[Stored items from a collection]
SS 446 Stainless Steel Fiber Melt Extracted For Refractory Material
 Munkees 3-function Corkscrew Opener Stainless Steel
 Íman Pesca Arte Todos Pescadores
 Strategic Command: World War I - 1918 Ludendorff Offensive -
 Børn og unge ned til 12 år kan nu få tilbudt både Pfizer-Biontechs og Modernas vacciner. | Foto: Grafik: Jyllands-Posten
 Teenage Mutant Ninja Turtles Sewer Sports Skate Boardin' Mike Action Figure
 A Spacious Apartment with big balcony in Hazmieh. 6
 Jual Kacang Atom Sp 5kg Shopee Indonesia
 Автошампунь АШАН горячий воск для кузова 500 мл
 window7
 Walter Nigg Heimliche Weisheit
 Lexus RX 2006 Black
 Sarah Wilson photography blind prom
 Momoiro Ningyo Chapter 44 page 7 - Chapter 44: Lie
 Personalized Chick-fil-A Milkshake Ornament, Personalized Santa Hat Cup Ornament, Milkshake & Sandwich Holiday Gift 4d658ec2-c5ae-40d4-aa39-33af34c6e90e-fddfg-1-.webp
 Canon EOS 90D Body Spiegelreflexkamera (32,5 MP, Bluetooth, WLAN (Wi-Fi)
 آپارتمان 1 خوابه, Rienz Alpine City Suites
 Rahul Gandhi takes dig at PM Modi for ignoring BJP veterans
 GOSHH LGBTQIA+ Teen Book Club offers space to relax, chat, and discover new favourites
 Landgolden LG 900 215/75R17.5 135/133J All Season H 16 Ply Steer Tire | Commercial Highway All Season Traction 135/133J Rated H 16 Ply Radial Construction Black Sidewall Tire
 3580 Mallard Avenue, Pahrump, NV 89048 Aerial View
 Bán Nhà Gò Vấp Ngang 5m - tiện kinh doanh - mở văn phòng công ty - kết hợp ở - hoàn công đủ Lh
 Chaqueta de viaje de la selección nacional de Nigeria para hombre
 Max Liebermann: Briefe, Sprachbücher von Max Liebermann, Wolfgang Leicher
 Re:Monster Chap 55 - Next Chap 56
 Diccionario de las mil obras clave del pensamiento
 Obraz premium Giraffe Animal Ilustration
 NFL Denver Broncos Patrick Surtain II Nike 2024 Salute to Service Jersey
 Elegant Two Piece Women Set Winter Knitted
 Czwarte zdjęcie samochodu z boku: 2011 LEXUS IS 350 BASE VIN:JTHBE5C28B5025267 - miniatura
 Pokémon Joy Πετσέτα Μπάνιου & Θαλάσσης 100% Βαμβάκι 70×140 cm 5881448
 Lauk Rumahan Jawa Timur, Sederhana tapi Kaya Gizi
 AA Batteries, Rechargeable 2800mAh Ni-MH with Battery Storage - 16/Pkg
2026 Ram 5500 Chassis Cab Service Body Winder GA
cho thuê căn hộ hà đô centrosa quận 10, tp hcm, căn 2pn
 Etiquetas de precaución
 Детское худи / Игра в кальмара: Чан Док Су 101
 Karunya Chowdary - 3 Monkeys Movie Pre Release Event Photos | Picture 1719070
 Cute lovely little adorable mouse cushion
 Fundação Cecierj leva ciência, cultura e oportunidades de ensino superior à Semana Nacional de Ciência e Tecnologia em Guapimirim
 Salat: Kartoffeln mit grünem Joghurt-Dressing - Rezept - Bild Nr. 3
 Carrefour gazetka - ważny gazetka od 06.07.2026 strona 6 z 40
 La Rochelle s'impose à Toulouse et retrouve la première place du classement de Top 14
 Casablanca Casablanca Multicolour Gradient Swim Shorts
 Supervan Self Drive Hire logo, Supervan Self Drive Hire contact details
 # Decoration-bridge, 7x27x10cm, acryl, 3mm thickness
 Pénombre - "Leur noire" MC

> [What is needed]
Please reproduce, exactly as they appear above, the lines from the line containing "Íman Pesca Arte Todos Pescadores" up to and including the line containing "Jual Kacang Atom Sp 5kg Shopee Indonesia".

> [Answer below]
 Íman Pesca Arte Todos Pescadores
 Strategic Command: World War I - 1918 Ludendorff Offensive -
 Børn og unge ned til 12 år kan nu få tilbudt både Pfizer-Biontechs og Modernas vacciner. | Foto: Grafik: Jyllands-Posten
 Teenage Mutant Ninja Turtles Sewer Sports Skate Boardin' Mike Action Figure
 A Spacious Apartment with big balcony in Hazmieh. 6
 Jual Kacang Atom Sp 5kg Shopee Indonesia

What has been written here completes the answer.